Collaborating to bridge the gap

By Catalina Myers, University of Alaska Anchorage

UAA Assistant Professor of Early Childhood Development Hattie Harvey takes a moment to snap a photo with one of the Yup’ik Immersion Program instructors at the Cook Inlet Native Head Start.

Education is often viewed as the cornerstone to success, and education administrators often focus on ensuring middle and high school students graduate with diplomas in hand. But what is often overlooked, is what happens before a child steps into the classroom on that first day of kindergarten.

Hattie Harvey, an assistant professor of early childhood development in UAA’s College of Education is looking to help change that with preschoolers—specifically Alaska Native children.

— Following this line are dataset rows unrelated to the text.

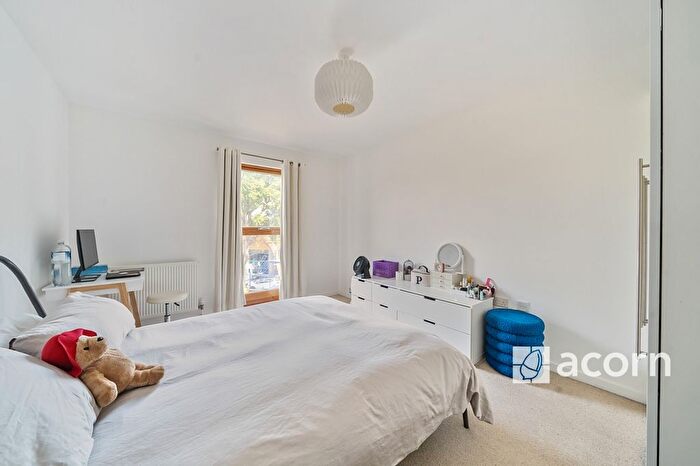 1 Bedroom Flat To Rent In Enid Street, London, SE16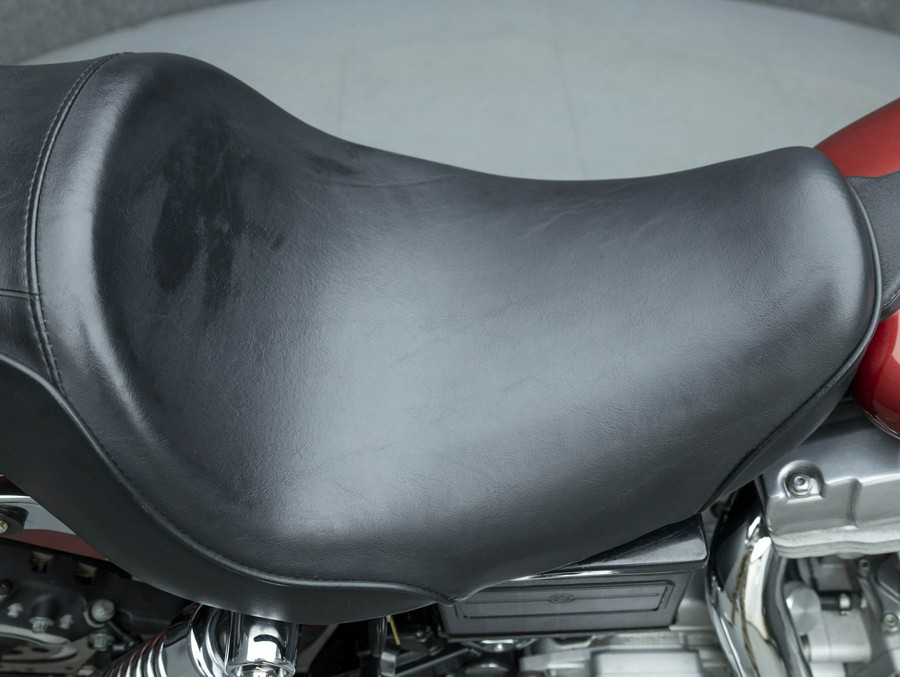 2005 HARLEY DAVIDSON FXDI DYNA SUPER GLIDE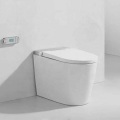 Vaso sanitário sem tanque com descarga automática Smart WC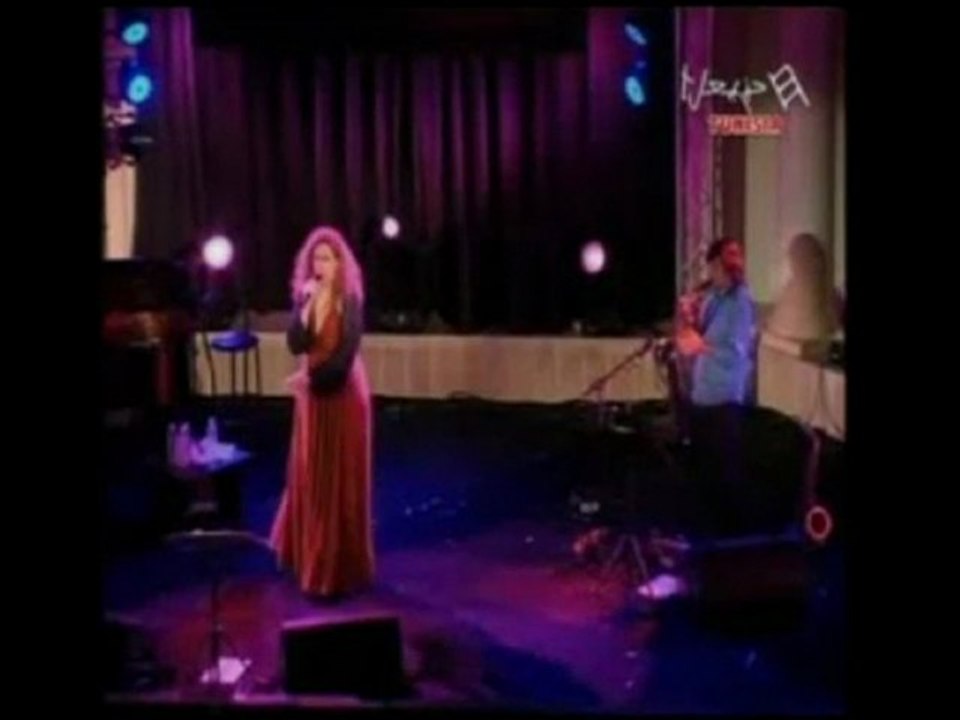 Jacinta_hannibalTV_Tunisia_Jazz à Carthage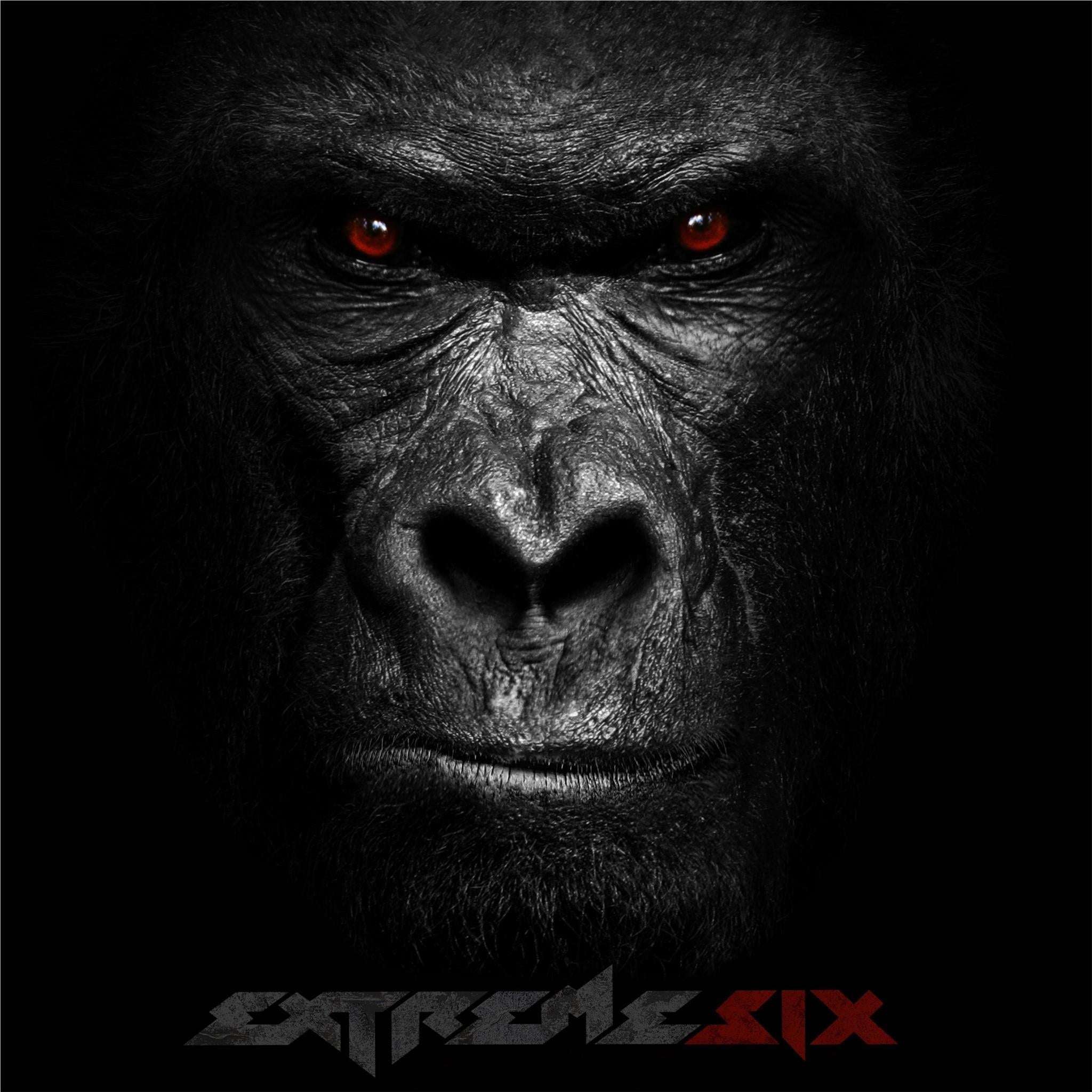 Six,  By: Extreme
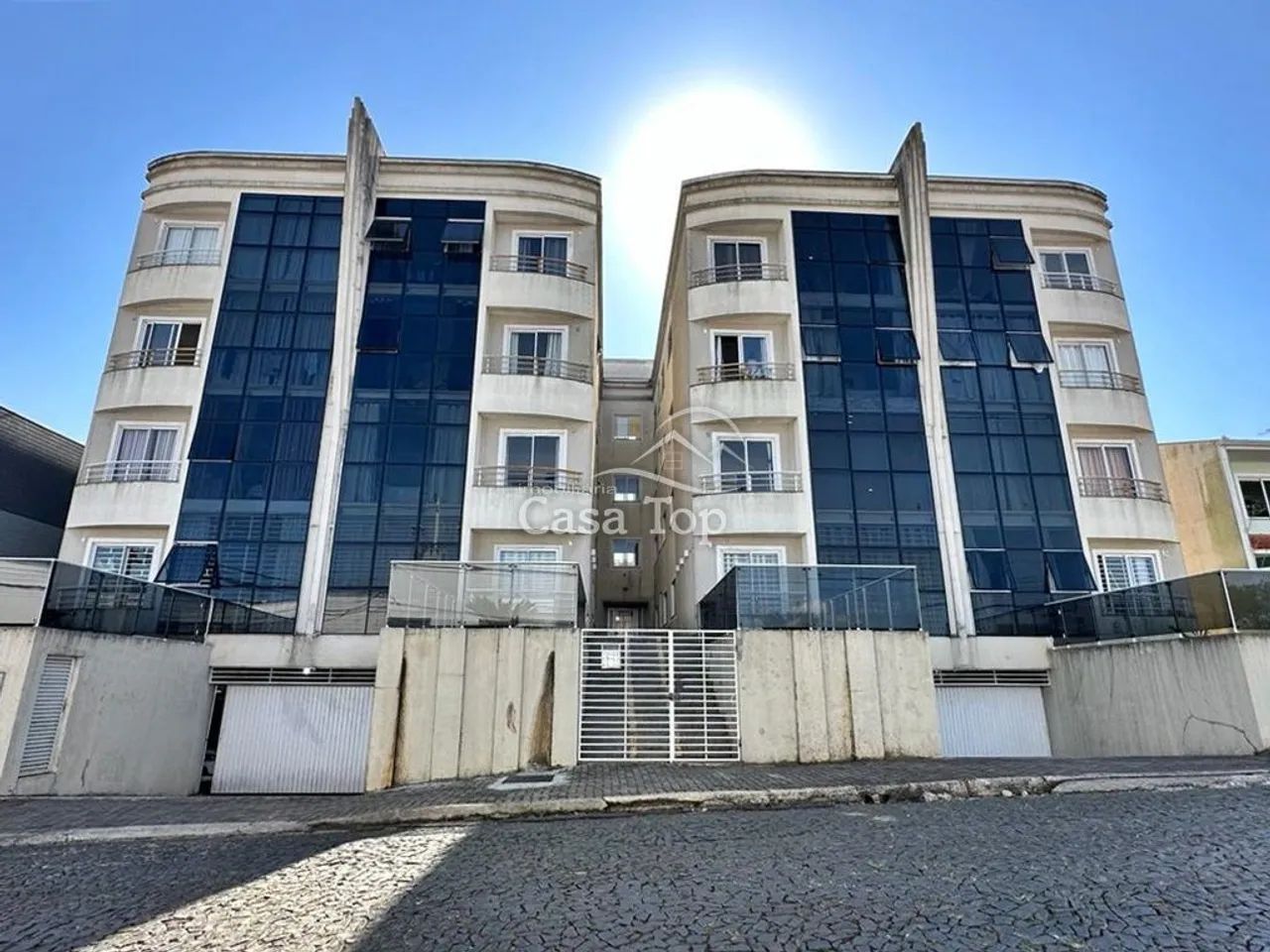 Apartamento para alugar Edifício Frankfurt - Jardim Carvalho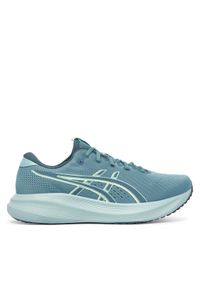 Asics Buty do biegania Gel-Excite 11 1011C080 Turkusowy. Kolor: turkusowy. Materiał: mesh #1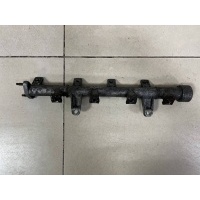 Рейка топливная (рампа) Hyundai Hyundai Getz 2002-2010 3530426610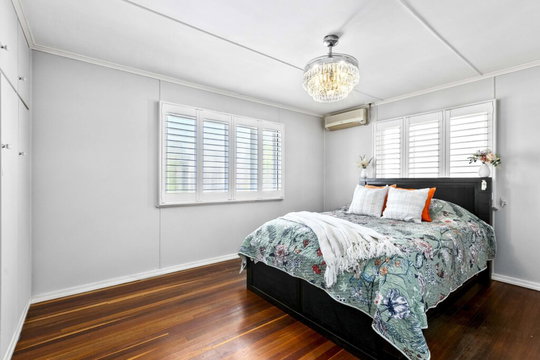 26 Fort Lane, Maryborough  QLD  4650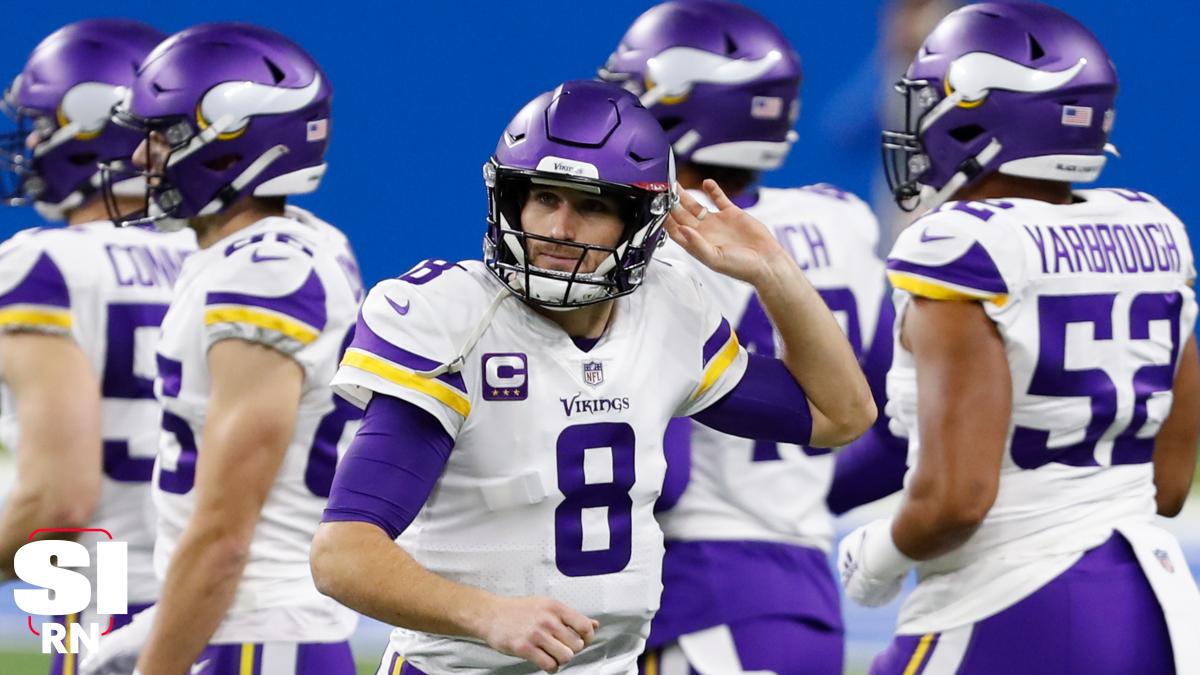 Vikings Rank First While Commanders Rank Last in New NFLPA ‘Report Card’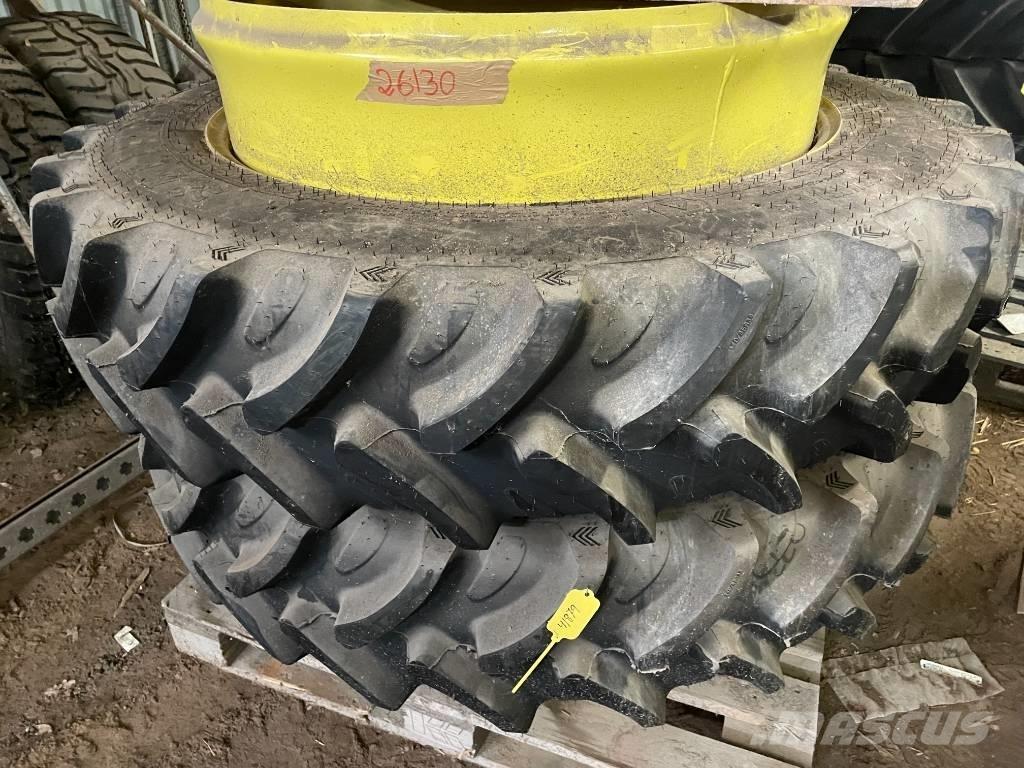 Alliance 340/85-38 Pneus Agrícolas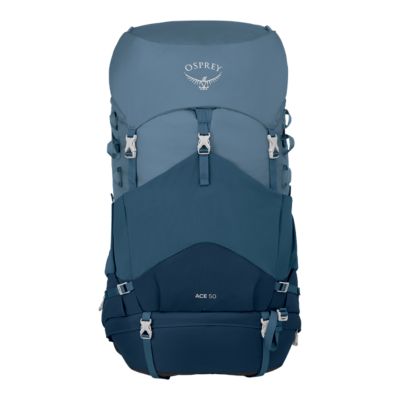 osprey 50l bag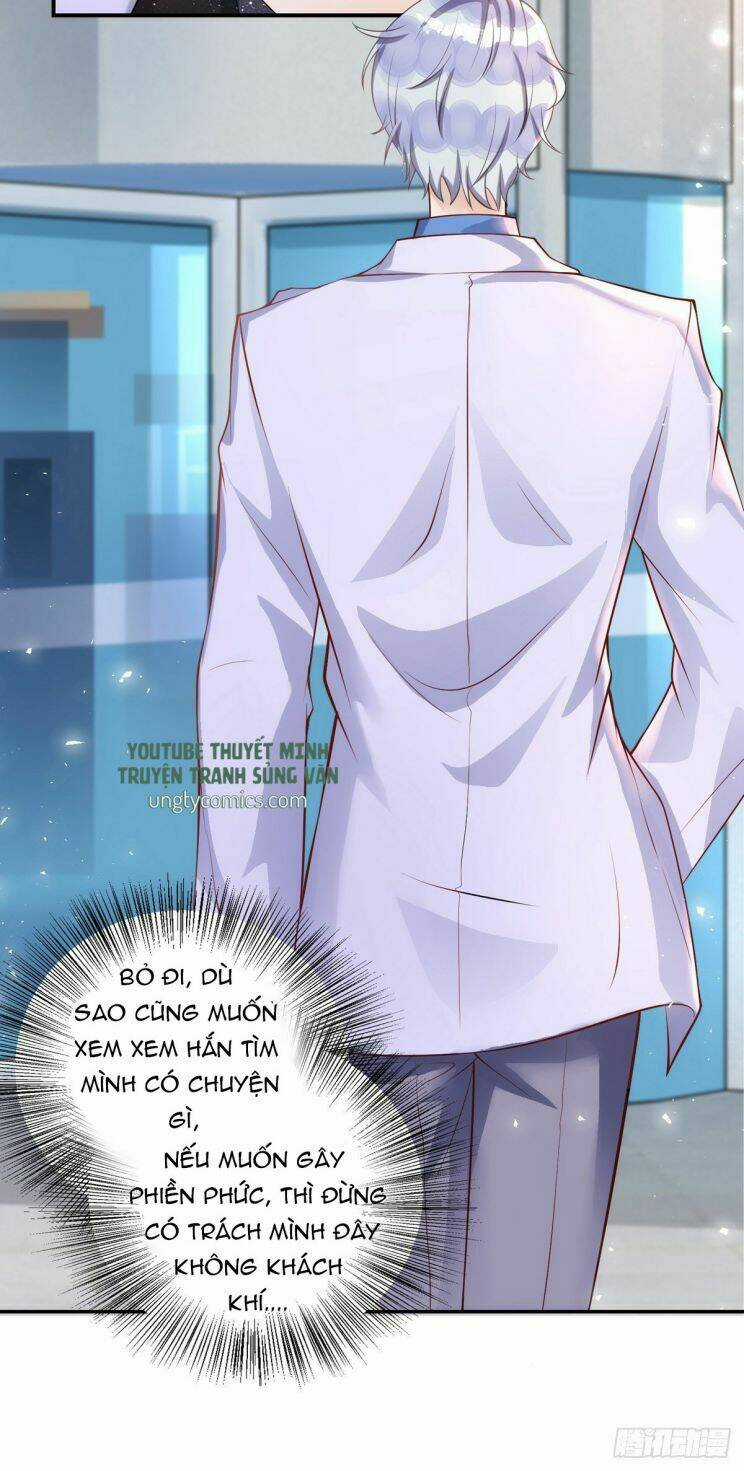 Thú Thụ Bất Thân Chapter 21 trang 13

Early last spring she applied for the university’s Selkregg Community Engagement & Service Learning Award to collaborate with Cook Inlet Native Head Start’s (CINHS) Yup’ik Immersion Program. Although she was a runner-up for this year’s award, she received a grant to help fund her project for the 2017–2018 school year through UAA’s Center for Community Engagement & Learning (CCEL), an on campus center connecting faculty and student engagement research projects with local organizations and businesses.

Collaborating with Cook Inlet Native Head Start

It isn’t the first time Harvey’s collaborated with UAA on a research project in the community, although, until now, most of her recent work has been with the Anchorage School District (ASD) preschool programs. This project is unique, she said, because it is the first time she’s broadened her scope, working with a national program—Head Start—and focusing on a specific program, CINHS’s Yup’ik Immersion Program.

Local and national research indicates that accessibility to quality early childhood care and education is imperative in creating a successful educational environment for children not only in the classroom, but in life.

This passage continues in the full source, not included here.